From cd7d62298999bdcfd54621251aad7e0e82ddb3ae Mon Sep 17 00:00:00 2001
From: David Fan <jiafa@microsoft.com>
Date: Thu, 30 Jan 2025 02:21:30 +0000
Subject: [PATCH] Exclude nodes for quantization

Signed-off-by: David Fan <jiafa@microsoft.com>
---
 neural_compressor/adaptor/ox_utils/weight_only.py | 4 ++++
 1 file changed, 4 insertions(+)

diff --git a/neural_compressor/adaptor/ox_utils/weight_only.py b/neural_compressor/adaptor/ox_utils/weight_only.py
index f6e575fd9f3..1fd09dd7471 100644
--- a/neural_compressor/adaptor/ox_utils/weight_only.py
+++ b/neural_compressor/adaptor/ox_utils/weight_only.py
@@ -299,6 +299,7 @@ def rtn_quantize(
     ratios={},
     accuracy_level=0,
     providers=["CPUExecutionProvider"],
+    nodes_to_exclude=[],
 ):
     """Quant the model with round to nearst method.
 
@@ -323,6 +324,7 @@ def rtn_quantize(
                               2 (fp16 compute type of jblas kernel), 3 (bf16 compute type of jblas kernel),
                               4 (int8 compute type of jblas kernel)

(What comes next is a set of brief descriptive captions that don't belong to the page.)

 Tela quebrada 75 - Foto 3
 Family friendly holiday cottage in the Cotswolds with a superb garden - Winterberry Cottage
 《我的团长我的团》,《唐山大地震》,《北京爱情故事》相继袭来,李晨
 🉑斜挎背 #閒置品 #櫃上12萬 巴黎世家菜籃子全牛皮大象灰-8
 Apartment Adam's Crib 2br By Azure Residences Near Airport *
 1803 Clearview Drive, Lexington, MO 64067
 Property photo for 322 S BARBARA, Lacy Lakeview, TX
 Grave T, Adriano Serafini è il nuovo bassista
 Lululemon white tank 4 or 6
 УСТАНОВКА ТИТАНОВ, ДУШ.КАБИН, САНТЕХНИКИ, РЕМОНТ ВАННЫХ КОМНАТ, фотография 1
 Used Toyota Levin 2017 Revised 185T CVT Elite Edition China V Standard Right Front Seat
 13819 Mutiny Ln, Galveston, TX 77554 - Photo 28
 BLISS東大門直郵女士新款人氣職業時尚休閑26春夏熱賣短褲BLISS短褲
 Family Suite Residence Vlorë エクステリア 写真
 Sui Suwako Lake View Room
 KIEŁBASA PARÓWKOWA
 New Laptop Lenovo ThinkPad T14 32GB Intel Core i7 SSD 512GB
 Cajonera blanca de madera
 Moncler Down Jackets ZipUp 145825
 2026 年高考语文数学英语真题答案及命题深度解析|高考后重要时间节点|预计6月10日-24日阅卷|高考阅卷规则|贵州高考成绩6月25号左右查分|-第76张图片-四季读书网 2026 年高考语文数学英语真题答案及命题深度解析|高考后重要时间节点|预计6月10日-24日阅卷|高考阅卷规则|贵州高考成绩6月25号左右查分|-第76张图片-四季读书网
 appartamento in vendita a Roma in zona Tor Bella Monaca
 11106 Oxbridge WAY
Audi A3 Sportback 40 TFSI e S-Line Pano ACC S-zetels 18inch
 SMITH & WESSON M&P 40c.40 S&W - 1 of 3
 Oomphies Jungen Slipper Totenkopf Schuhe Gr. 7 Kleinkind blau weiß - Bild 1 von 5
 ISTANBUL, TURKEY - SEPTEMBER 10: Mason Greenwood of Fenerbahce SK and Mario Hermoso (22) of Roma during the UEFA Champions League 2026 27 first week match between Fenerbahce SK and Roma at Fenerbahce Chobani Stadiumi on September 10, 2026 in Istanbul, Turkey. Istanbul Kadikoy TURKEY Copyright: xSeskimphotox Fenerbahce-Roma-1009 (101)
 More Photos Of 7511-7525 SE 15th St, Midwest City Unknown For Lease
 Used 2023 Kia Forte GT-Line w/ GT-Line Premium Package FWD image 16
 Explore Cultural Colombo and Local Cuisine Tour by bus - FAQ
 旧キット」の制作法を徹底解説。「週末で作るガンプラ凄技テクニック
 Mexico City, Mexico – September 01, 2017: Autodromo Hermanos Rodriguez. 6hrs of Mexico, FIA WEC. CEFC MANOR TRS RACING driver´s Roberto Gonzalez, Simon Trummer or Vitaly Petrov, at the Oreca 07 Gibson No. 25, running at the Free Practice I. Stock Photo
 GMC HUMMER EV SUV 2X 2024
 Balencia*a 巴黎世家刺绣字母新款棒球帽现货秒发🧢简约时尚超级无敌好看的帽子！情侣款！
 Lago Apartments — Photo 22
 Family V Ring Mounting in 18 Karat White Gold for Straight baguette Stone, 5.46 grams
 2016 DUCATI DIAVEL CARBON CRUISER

         providers (list): providers to use
+        nodes_to_exclude (list): nodes to exclude quantization.
 
     Returns:
         model: fake quantized ONNXModel
@@ -334,6 +336,8 @@ def rtn_quantize(
     total_num = len([i for i in model.nodes() if i.op_type in ["MatMul"]])
     curr_id = 0
     for node in model.nodes():
+        if node.name in nodes_to_exclude:
+            continue
         if node.op_type in ["MatMul"]:
             curr_id += 1
             simple_progress_bar(total_num, curr_id)